The desired order would be Jan, Apr, Jul. To obtain it, it makes sense to ORDER BY date, but then we're loosing the vertical sort, as shown in the next example.

Example 7

select v,to_char(d,'Mon') as m, c  from v_data order by d
 \crosstabview v m c

 v  | Jan | Apr | Jul 
----+-----+-----+-----
 v2 | bar |     | 
 v1 |     | foo | baz
 v0 |     |     | qux

To sort in both directions as desired, we may just the month number as the sort value for the horizontal header, and let the primary order being driven by v

Example 8

select v,to_char(d,'Mon') as m, c, extract(month from d) as mnum  from v_data order by v
 \crosstabview v m c mnum

 v  | Jan | Apr | Jul 
----+-----+-----+-----
 v0 |     |     | qux
 v1 |     | foo | baz
 v2 | bar |     | 

Just like previously, it's also easy to sort horizontally in reverse order:

Example 9

select v,to_char(d,'Mon') as m, c, -1*extract(month from d) as revnum from v_data order by v
 \crosstabview v m c revnum

 v  | Jul | Apr | Jan 
----+-----+-----+-----
 v0 | qux |     | 
 v1 | baz | foo | 
 v2 |     |     | bar

crosstabview with only 2 output columns

Sometimes it makes sense to visualize in a 2D grid what are the relationships between all values in the first column and all values in the second column, when the meaning of a (V,H) tuple is that V and H are related.

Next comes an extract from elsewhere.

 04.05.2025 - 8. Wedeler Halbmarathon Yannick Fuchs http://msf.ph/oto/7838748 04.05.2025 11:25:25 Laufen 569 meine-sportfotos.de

In this case, we need to add an 'X' or a similar character (unicode checkmarks can look nicer) as a 3rd column.

For instance, this sample query helps visualizing the user/group memberships in postgres roles.

Example 10

=# SELECT r.rolname as username,r1.rolname as groupname, 'X'
FROM pg_catalog.pg_roles r LEFT JOIN pg_catalog.pg_auth_members m
ON (m.member = r.oid)
LEFT JOIN pg_roles r1 ON (m.roleid=r1.oid)
WHERE r.rolcanlogin
ORDER BY 1;
  username  | groupname | ?column? 
------------+-----------+----------
 FooBar     | mailusers | X
 daniel     | mailusers | X
 drupal     |           | X
 dv         | admin     | X
 dv         | common    | X
 extc       | readonly  | X
 extu       |           | X
 joel       |           | X
 mailreader | readonly  | X
 manitou    | mailusers | X
 manitou    | admin     | X
 postgres   |           | X
 roundcube  |           | X
 u1         | common    | X
 u2         | mailusers | X
 zaz        | mailusers | X
(16 rows)


# \crosstabview
  username  | mailusers |   | admin | common | readonly 
------------+-----------+---+-------+--------+----------
 FooBar     | X         |   |       |        | 
 daniel     | X         |   |       |        | 
 drupal     |           | X |       |        | 
 dv         |           |   | X     | X      | 
 extc       |           |   |       |        | X
 extu       |           | X |       |        | 
 joel       |           | X |       |        | 
 mailreader |           |   |       |        | X
 manitou    | X         |   | X     |        | 
 postgres   |           | X |       |        | 
 roundcube  |           | X |       |        | 
 u1         |           |   |       | X      | 
 u2         | X         |   |       |        | 
 zaz        | X         |   |       |        | 
(14 rows)

An empty column is present in the horizontal header to represent the NULL values for the "group" column, corresponding to users not being member of any group.